Premise of the study: β-cyanoalanine synthase (β-CAS) and alternative oxidase (AOX) play important roles in the ability of plants to detoxify and tolerate hydrogen cyanide (HCN) stress.  These functions are critical for all plants, as HCN is produced at low levels during basic metabolic processes, but are likely to be especially important in cyanogenic species, which release high levels of HCN following tissue damage. However, their expression has not been examined in cyanogenic species, nor has it been compared between cyanogenic and acyanogenic genotypes within a species.

Methods: We used a natural polymorphism for cyanogenesis in white clover to examine β-CAS and Aox gene expression in relation to cyanogenesis-associated HCN exposure.  We identified all β-CAS and Aox gene copies present in the genome, including members of the Aox1, Aox2a and Aox2d subfamilies previously reported in legumes.  Expression levels were compared between cyanogenic and acyanogenic genotypes, and under conditions of leaf tissue damage compared to undamaged tissue.  

Key results: Results indicate that β-CAS and Aox2a expression are differentially elevated in cyanogenic genotypes, and that tissue damage is not required to induce this increased expression.  Aox2d, in contrast, appears to be upregulated as a generalized wounding response.

Conclusions: These findings suggest a heightened constitutive role for both HCN detoxification (via elevated β-CAS expression) and HCN-toxicity mitigation (via elevated Aox2a expression) in plants that are capable of cyanogenesis.  As such, freezing-induced cyanide autotoxicity is unlikely to be the primary selective factor in the evolution of climate-associated cyanogenesis clines.  

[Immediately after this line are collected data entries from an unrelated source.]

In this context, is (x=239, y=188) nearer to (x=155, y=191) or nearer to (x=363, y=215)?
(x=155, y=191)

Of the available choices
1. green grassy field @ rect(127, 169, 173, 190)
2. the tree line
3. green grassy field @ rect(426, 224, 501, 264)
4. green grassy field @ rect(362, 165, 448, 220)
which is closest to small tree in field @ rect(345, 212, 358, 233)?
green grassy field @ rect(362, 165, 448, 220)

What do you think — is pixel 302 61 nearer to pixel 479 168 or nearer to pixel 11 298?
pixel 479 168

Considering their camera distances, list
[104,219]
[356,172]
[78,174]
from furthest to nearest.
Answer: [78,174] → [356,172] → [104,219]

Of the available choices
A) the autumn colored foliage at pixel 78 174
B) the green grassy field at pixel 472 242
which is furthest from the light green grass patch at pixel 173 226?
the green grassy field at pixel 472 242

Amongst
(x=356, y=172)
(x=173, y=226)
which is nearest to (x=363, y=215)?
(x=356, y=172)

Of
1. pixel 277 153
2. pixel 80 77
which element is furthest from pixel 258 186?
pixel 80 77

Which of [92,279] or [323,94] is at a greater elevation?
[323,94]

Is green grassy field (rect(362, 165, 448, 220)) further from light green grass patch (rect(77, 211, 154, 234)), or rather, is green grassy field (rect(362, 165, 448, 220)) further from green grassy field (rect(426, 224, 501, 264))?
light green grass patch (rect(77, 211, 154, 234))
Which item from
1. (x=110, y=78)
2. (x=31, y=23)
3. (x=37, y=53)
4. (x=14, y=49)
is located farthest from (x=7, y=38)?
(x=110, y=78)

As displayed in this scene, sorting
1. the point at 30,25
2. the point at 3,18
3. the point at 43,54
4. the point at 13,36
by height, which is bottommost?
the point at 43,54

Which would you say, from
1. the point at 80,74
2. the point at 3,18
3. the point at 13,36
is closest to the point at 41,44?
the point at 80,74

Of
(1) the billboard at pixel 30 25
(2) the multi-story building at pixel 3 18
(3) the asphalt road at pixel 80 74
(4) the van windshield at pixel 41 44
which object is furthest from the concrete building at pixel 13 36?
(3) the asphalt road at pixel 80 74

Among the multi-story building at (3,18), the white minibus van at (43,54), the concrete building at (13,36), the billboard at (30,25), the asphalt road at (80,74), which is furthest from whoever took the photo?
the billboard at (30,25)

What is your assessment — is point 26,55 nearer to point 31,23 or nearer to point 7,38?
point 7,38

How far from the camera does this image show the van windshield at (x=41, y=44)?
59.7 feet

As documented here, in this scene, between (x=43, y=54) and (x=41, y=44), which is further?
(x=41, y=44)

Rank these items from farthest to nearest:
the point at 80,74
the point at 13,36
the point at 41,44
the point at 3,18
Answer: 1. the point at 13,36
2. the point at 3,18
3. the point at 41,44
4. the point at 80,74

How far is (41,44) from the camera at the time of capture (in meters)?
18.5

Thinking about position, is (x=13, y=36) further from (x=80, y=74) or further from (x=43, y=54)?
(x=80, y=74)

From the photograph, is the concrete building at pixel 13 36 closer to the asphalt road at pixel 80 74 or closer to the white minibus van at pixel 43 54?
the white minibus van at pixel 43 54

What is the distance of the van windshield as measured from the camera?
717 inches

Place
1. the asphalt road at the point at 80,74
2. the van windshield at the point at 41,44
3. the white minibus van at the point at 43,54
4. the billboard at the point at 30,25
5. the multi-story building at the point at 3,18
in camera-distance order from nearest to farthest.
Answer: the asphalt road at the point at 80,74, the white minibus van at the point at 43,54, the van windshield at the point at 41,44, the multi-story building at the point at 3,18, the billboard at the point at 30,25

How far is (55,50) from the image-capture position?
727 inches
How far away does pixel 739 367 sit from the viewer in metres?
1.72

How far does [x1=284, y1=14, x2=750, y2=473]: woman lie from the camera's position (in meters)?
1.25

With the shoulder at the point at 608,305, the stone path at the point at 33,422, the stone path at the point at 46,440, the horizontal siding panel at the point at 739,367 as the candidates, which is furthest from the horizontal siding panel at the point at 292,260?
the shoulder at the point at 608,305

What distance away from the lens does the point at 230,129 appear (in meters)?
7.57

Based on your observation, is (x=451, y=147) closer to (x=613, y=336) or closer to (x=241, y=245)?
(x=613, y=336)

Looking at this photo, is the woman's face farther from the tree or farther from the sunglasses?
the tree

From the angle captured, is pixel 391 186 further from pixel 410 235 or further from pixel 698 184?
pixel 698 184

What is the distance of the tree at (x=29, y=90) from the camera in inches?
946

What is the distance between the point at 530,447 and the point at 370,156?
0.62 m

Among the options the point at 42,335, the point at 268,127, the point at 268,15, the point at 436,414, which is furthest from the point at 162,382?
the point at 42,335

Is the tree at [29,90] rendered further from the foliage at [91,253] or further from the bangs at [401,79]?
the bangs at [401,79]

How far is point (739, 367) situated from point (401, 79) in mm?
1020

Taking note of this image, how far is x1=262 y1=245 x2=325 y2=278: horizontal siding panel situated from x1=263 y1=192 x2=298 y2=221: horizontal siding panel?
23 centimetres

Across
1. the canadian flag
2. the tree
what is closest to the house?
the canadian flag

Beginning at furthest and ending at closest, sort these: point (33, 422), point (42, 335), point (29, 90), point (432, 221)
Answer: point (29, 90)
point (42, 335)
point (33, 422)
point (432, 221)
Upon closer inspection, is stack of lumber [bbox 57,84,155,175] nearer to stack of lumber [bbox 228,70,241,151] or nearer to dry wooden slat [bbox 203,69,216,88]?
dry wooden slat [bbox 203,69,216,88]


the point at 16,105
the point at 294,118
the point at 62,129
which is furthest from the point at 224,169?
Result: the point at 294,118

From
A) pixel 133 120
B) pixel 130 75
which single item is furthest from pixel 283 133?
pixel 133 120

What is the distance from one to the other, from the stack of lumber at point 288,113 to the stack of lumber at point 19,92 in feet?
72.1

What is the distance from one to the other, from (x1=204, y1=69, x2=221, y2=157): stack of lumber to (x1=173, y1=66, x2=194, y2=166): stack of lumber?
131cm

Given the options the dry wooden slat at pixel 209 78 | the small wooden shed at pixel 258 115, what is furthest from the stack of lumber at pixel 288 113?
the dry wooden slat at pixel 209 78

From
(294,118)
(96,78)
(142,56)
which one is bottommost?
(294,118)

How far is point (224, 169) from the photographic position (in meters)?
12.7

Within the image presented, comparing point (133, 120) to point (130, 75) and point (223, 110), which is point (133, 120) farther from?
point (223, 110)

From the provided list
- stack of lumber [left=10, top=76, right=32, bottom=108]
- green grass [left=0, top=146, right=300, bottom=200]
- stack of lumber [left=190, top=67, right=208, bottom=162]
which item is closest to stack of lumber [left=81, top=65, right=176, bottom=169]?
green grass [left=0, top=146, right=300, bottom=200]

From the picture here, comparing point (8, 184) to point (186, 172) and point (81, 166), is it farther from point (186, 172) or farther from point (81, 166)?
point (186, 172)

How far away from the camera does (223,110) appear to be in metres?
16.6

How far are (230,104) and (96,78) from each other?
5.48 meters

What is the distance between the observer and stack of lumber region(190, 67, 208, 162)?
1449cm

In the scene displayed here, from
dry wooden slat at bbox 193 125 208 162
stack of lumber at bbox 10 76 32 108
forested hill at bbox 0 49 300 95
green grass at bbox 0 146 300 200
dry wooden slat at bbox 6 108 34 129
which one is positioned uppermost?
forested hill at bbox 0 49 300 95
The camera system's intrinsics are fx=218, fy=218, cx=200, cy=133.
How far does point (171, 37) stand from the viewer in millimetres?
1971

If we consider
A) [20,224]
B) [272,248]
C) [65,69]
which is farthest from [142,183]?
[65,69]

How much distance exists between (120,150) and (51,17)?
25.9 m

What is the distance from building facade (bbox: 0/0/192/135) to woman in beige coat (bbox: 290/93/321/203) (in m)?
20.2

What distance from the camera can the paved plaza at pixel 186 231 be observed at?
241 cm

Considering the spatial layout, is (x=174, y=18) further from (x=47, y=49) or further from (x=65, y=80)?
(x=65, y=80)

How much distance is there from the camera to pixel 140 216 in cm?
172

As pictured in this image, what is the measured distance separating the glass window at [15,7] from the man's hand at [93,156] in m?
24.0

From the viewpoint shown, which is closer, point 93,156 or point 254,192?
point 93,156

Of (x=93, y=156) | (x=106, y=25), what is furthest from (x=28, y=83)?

All qPCR protocols followed MIQE guidelines, including for numbers of biological and technical replicates and reaction optimization protocols.  Gene expression level was quantified using the CFX96 Real-Time PCR Detection System (BIO-RAD, Hercules, California, USA). For all genes, reactions included 1× iTaq™ Universal SYBR^® Green Supermix, 0.5 µM (0.3 µM for β-CAS) forward primer, 0.5 µM (0.3 µM for β-CAS) reverse primer and 4-10 ng cDNA in a 20 µL reaction volume. Ef1α was used as the reference gene. PCR conditions followed the standard SYBR® Green cycle in CFX96 Real-Time PCR Detection System with slight modifications to maximize reaction efficiency: 95°C for 30 s, then [95°C for 5 s, 60°C (63°C for β-CAS) for 30 s] × 40 cycles. Three technical replicates were applied to each cDNA of the sample. The data were analyzed by the ΔΔC_T method with efficiency calibration in CFX Maestro™ Software (BIO-RAD, Hercules, California, USA) according to the manufacturer’s instructions.